Diversification Opportunities for GM and Beijing Lanxum
0.51 | Correlation Coefficient |
Very weak diversification
The 3 months correlation between GM and Beijing is 0.51. Overlapping area represents the amount of risk that can be diversified away by holding General Motors and Beijing Lanxum Tech in the same portfolio, assuming nothing else is changed. The correlation between historical prices or returns on Beijing Lanxum Tech and GM is a relative statistical measure of the degree to which these equity instruments tend to move together. The correlation coefficient measures the extent to which returns on General Motors are associated (or correlated) with Beijing Lanxum. Values of the correlation coefficient range from -1 to +1, where. The correlation of zero (0) is possible when the price movement of Beijing Lanxum Tech has no effect on the direction of GM i.e., GM and Beijing Lanxum go up and down completely randomly.
Pair Corralation between GM and Beijing Lanxum
Allowing for the 90-day total investment horizon GM is expected to generate 6.54 times less return on investment than Beijing Lanxum.

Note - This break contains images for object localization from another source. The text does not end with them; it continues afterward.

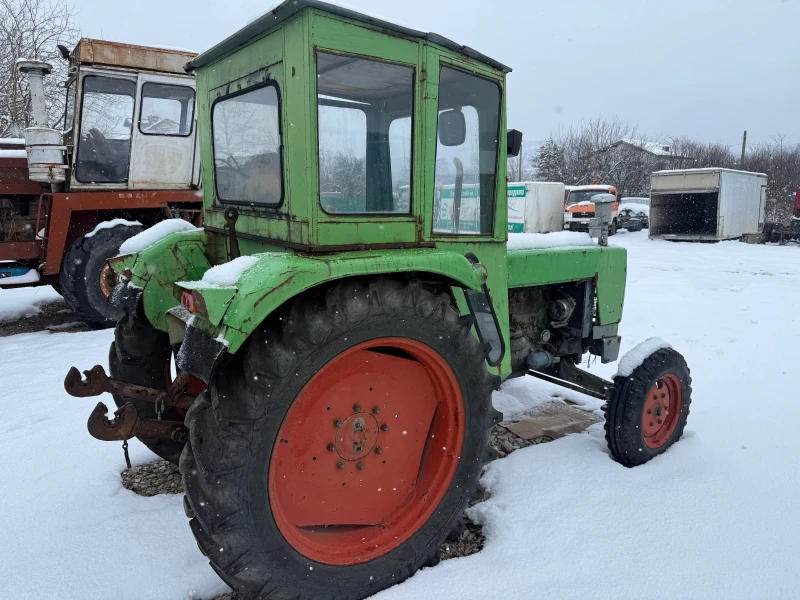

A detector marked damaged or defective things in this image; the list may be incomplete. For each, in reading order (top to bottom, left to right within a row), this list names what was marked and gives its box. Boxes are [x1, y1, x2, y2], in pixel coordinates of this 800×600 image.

rusty three-point hitch [65, 364, 194, 442]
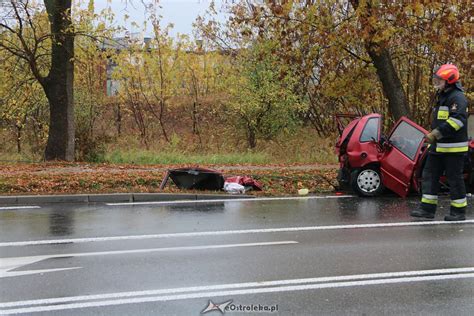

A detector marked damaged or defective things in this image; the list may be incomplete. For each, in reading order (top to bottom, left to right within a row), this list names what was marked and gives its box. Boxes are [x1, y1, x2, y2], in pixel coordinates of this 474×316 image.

wrecked red car [336, 113, 474, 198]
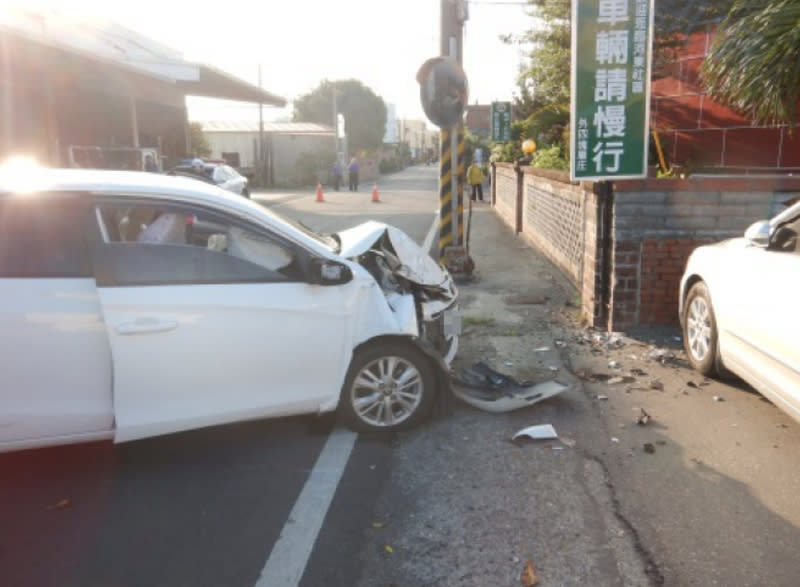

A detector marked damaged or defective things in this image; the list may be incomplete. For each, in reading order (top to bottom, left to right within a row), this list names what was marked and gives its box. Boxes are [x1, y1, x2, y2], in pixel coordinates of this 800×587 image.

crumpled car hood [334, 219, 454, 290]
white damaged sedan [0, 168, 460, 452]
broken bumper piece [454, 362, 572, 414]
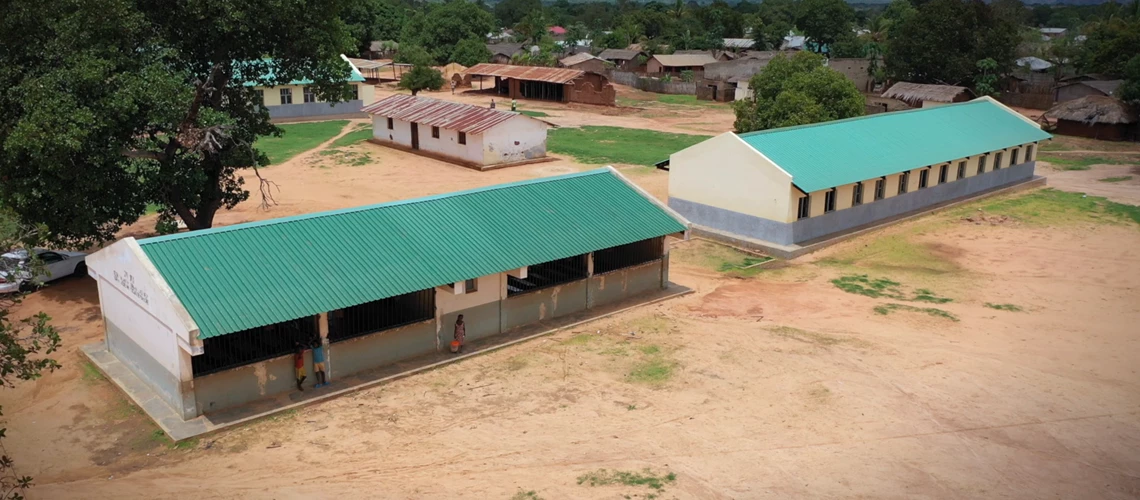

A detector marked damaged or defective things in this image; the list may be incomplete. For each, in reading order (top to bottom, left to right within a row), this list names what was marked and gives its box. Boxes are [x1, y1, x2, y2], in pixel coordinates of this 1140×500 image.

But when comparing it to its historical volatility, General Motors is 2.85 times less risky than Beijing Lanxum. It trades about 0.06 of its potential returns per unit of risk. Beijing Lanxum Tech is currently generating about 0.14 of returns per unit of risk over similar time horizon. If you would invest 173.00 in Beijing Lanxum Tech on November 3, 2024 and sell it today you would earn a total of 605.00 from holding Beijing Lanxum Tech or generate 349.71% return on investment over 90 days.
Time Period | 3 Months [change] |
Direction | Moves Together |
Strength | Weak |
Accuracy | 94.35% |
Values | Daily Returns |
General Motors vs. Beijing Lanxum Tech
Performance |
Timeline |
General Motors |
Beijing Lanxum Tech |
GM and Beijing Lanxum Volatility Contrast
Predicted Return Density |
Returns |
Pair Trading with GM and Beijing Lanxum
The main advantage of trading using opposite GM and Beijing Lanxum positions is that it hedges away some unsystematic risk. Because of two separate transactions, even if GM position performs unexpectedly, Beijing Lanxum can make up some of the losses. Pair trading also minimizes risk from directional movements in the market. For example, if an entire industry or sector drops because of unexpected headlines, the short position in Beijing Lanxum will offset losses from the drop in Beijing Lanxum's long position.The idea behind General Motors and Beijing Lanxum Tech pairs trading is to make the combined position market-neutral, meaning the overall market's direction will not affect its win or loss (or potential downside or upside). This can be achieved by designing a pairs trade with two highly correlated stocks or equities that operate in a similar space or sector, making it possible to obtain profits through simple and relatively low-risk investment.Check out your portfolio center.Note that this page's information should be used as a complementary analysis to find the right mix of equity instruments to add to your existing portfolios or create a brand new portfolio. You can also try the Portfolio Center module to all portfolio management and optimization tools to improve performance of your portfolios.